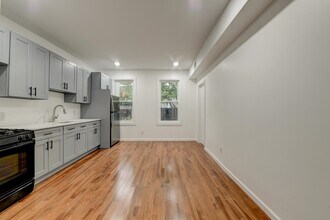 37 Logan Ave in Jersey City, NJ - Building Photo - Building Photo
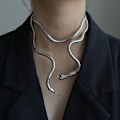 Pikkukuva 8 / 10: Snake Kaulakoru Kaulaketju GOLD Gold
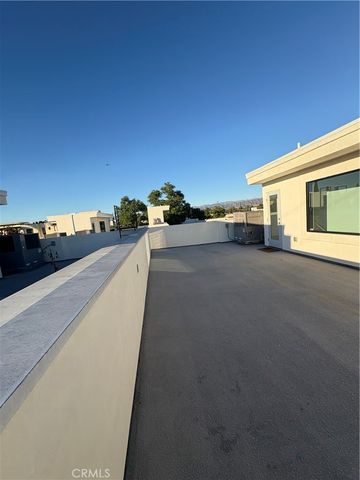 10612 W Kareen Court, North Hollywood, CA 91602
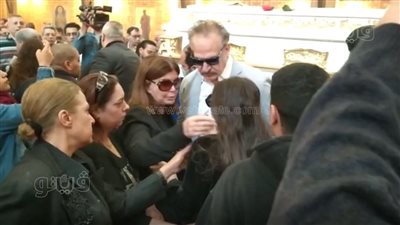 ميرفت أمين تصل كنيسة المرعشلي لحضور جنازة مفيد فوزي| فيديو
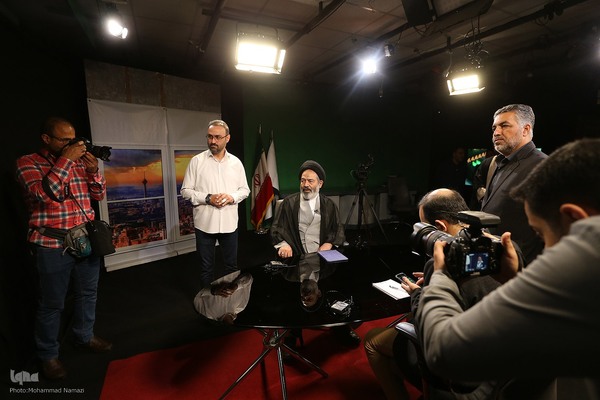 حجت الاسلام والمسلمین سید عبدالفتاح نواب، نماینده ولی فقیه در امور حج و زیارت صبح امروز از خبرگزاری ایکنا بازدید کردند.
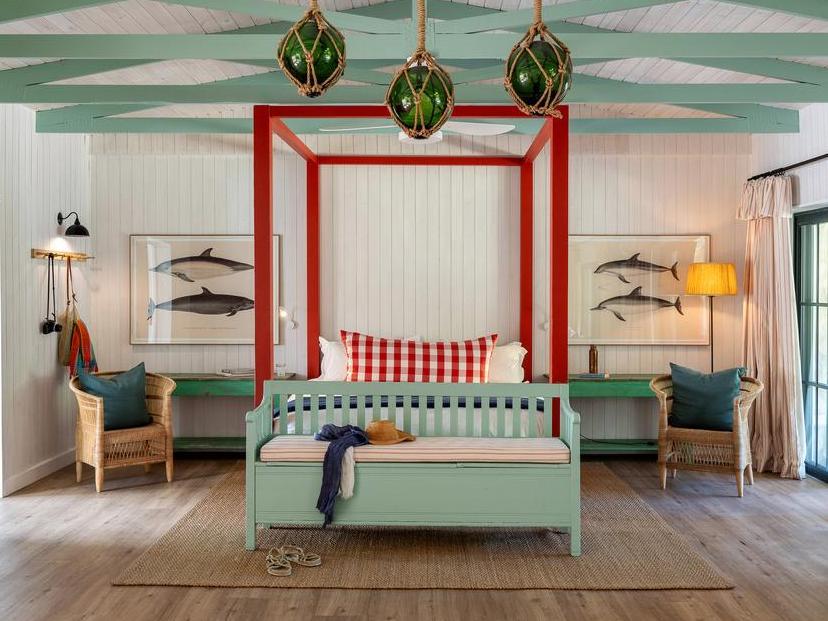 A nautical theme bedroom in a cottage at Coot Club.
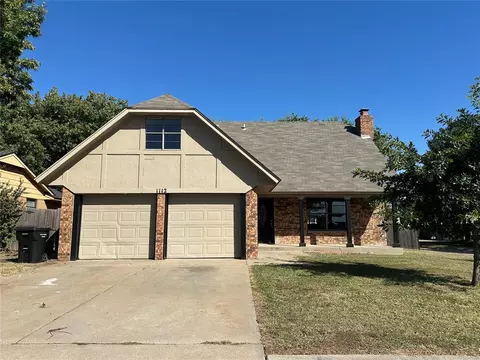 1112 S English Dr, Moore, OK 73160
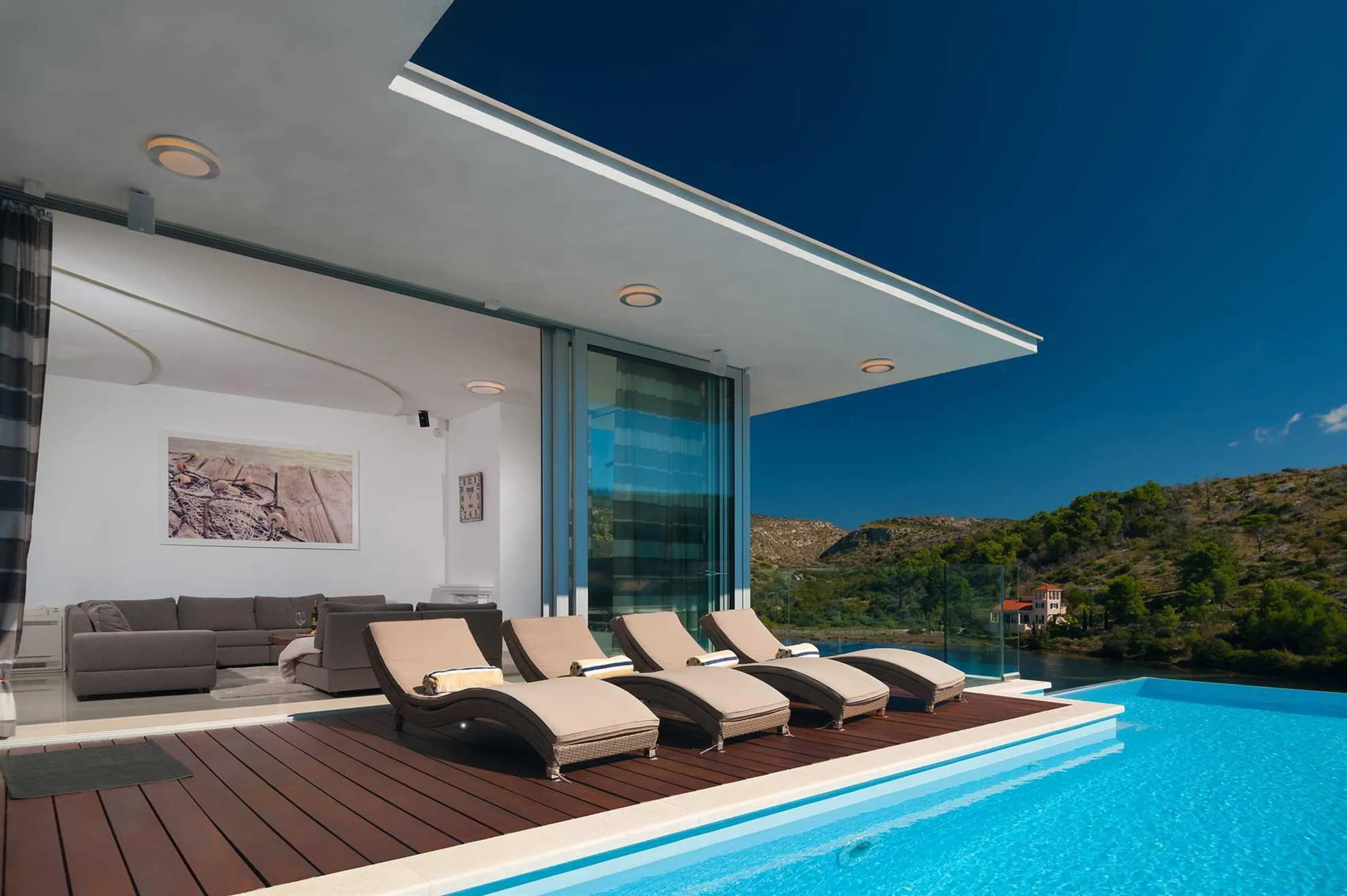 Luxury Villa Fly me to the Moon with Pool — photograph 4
**********
> **INSTRUCTIONS FOR THE TASK**
Leave the pictures out and set down the rest of the listing above exactly.

> **ANSWER BELOW**
 37 Logan Ave in Jersey City, NJ - Building Photo - Building Photo
 Pikkukuva 8 / 10: Snake Kaulakoru Kaulaketju GOLD Gold
 10612 W Kareen Court, North Hollywood, CA 91602
 ميرفت أمين تصل كنيسة المرعشلي لحضور جنازة مفيد فوزي| فيديو
 حجت الاسلام والمسلمین سید عبدالفتاح نواب، نماینده ولی فقیه در امور حج و زیارت صبح امروز از خبرگزاری ایکنا بازدید کردند.
 A nautical theme bedroom in a cottage at Coot Club.
 1112 S English Dr, Moore, OK 73160
 Luxury Villa Fly me to the Moon with Pool — photograph 4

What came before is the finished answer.